◆ Supplied records ◆

————————

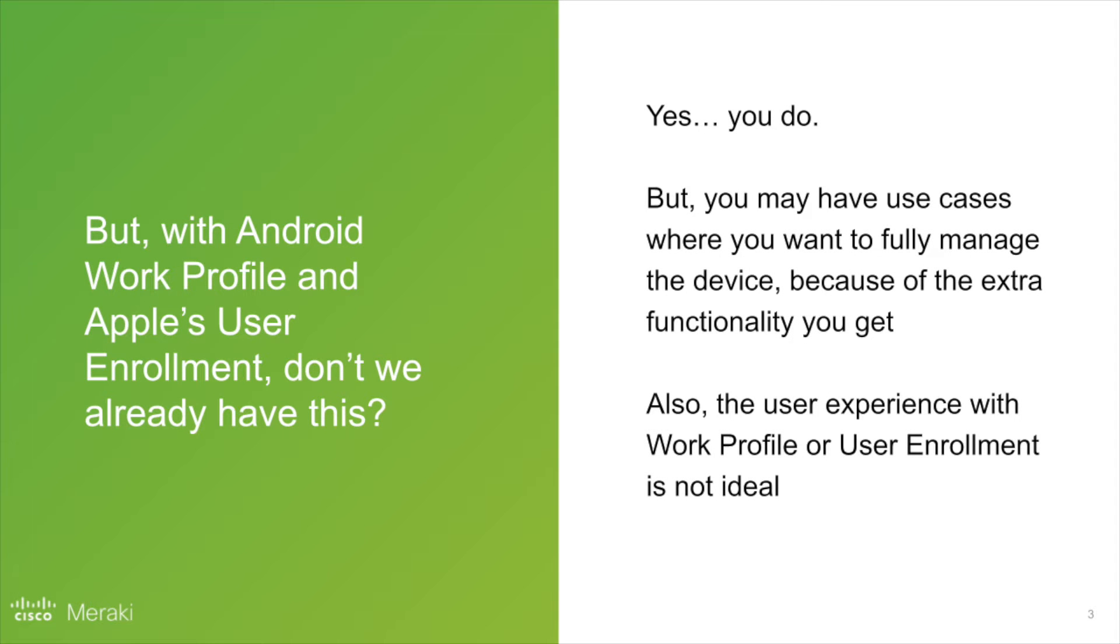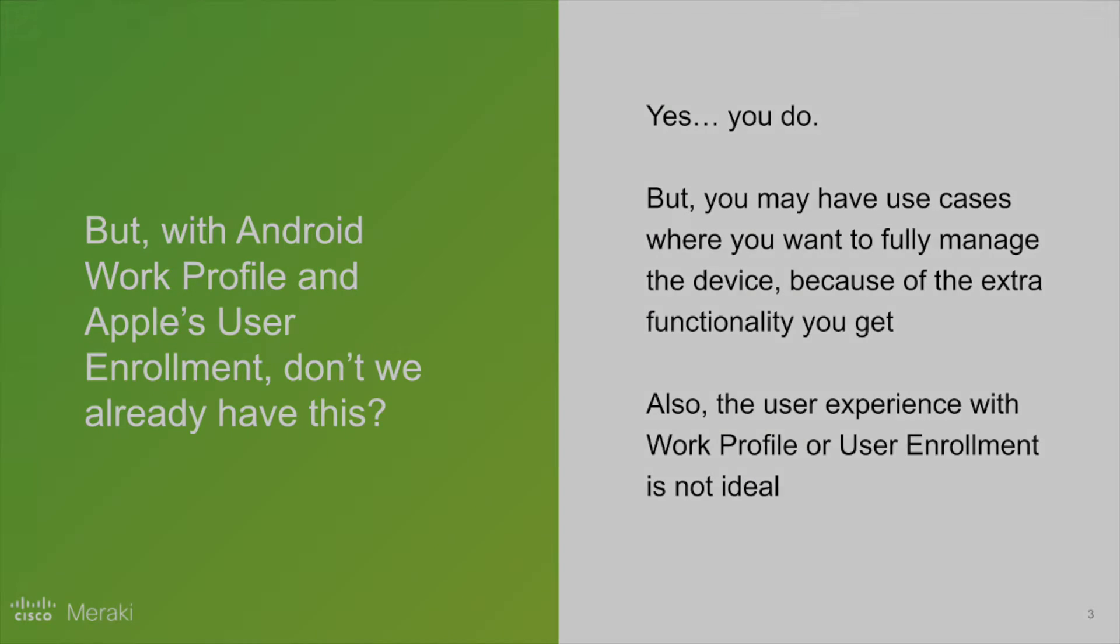But don't we already have this with Android work profile and user enrollment? Well, yes, but the user experience can be actually constrained by these two enrollment types. And sometimes it's better to have containerization on a fully managed device because you are completely in control of the experience.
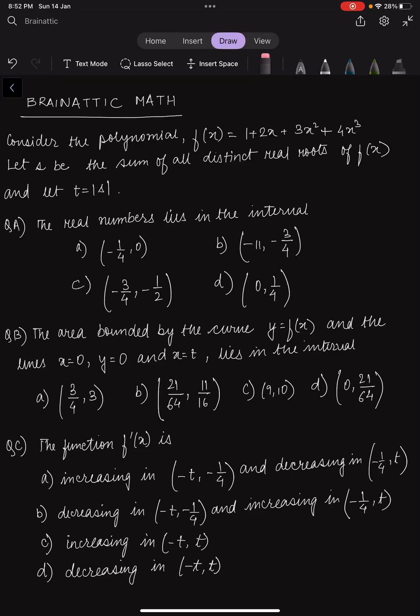Hey guys, welcome to BrainAttic. Today we have another very interesting problem from the concept of functions and the application of integrals. Such questions are very common in exams like JEE Mains, JEE Advanced, and for that matter even International Mathematical Olympiads. If you do want to give it a try, you may pause the video now. Otherwise, let's continue solving the problem.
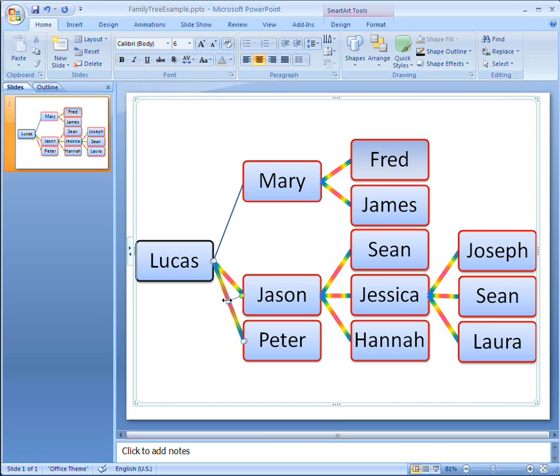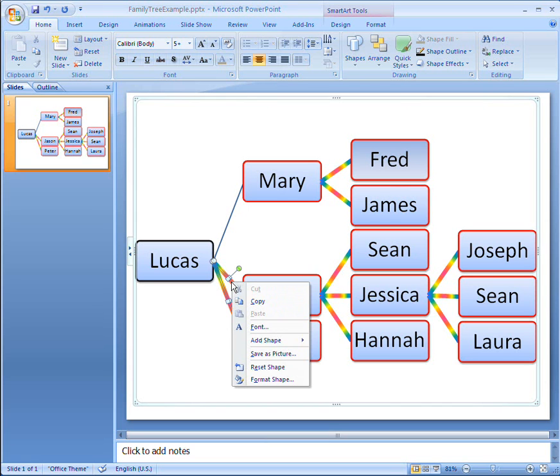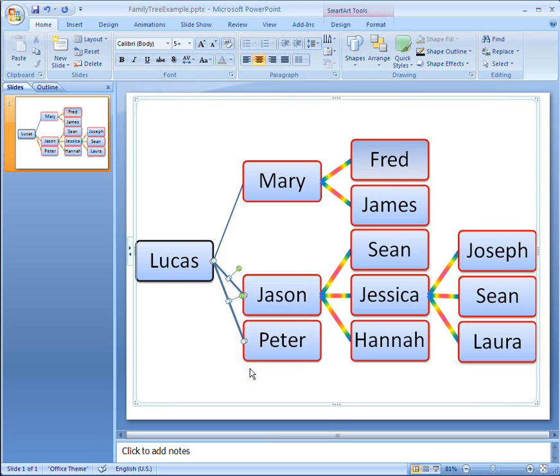I can also reset several shapes at the same time, by holding down the control key and clicking each one in turn before using the reset shape command.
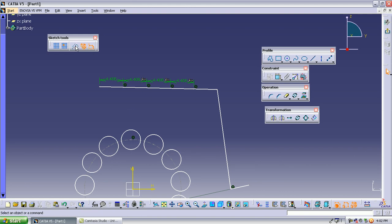We have now learned all the operation toolbars in the sketcher using all the sketch tools. Next, we will try to make some small objects and exercises.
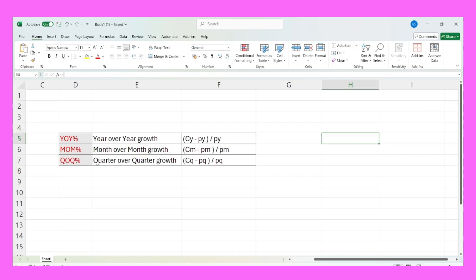If I talk about year-over-year growth, its formula is: current year value — it can be sales, profit, quantity, whatever you are considering — minus previous year sales, divided by previous year sales. The difference is only the time period. If you are considering the whole year, it becomes year-over-year growth; for month, it becomes month-over-month; for quarter, quarter-over-quarter. The logic stays the same, only the time period changes, so you just need to remember one template.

————————

◆ What this task involves ◆
Return the listing above in full and without alteration, excluding its pictures.

◆ Exercise answer ◆
But don't we already have this with Android work profile and user enrollment? Well, yes, but the user experience can be actually constrained by these two enrollment types. And sometimes it's better to have containerization on a fully managed device because you are completely in control of the experience.
Hey guys, welcome to BrainAttic. Today we have another very interesting problem from the concept of functions and the application of integrals. Such questions are very common in exams like JEE Mains, JEE Advanced, and for that matter even International Mathematical Olympiads. If you do want to give it a try, you may pause the video now. Otherwise, let's continue solving the problem.
I can also reset several shapes at the same time, by holding down the control key and clicking each one in turn before using the reset shape command.
We have now learned all the operation toolbars in the sketcher using all the sketch tools. Next, we will try to make some small objects and exercises.
If I talk about year-over-year growth, its formula is: current year value — it can be sales, profit, quantity, whatever you are considering — minus previous year sales, divided by previous year sales. The difference is only the time period. If you are considering the whole year, it becomes year-over-year growth; for month, it becomes month-over-month; for quarter, quarter-over-quarter. The logic stays the same, only the time period changes, so you just need to remember one template.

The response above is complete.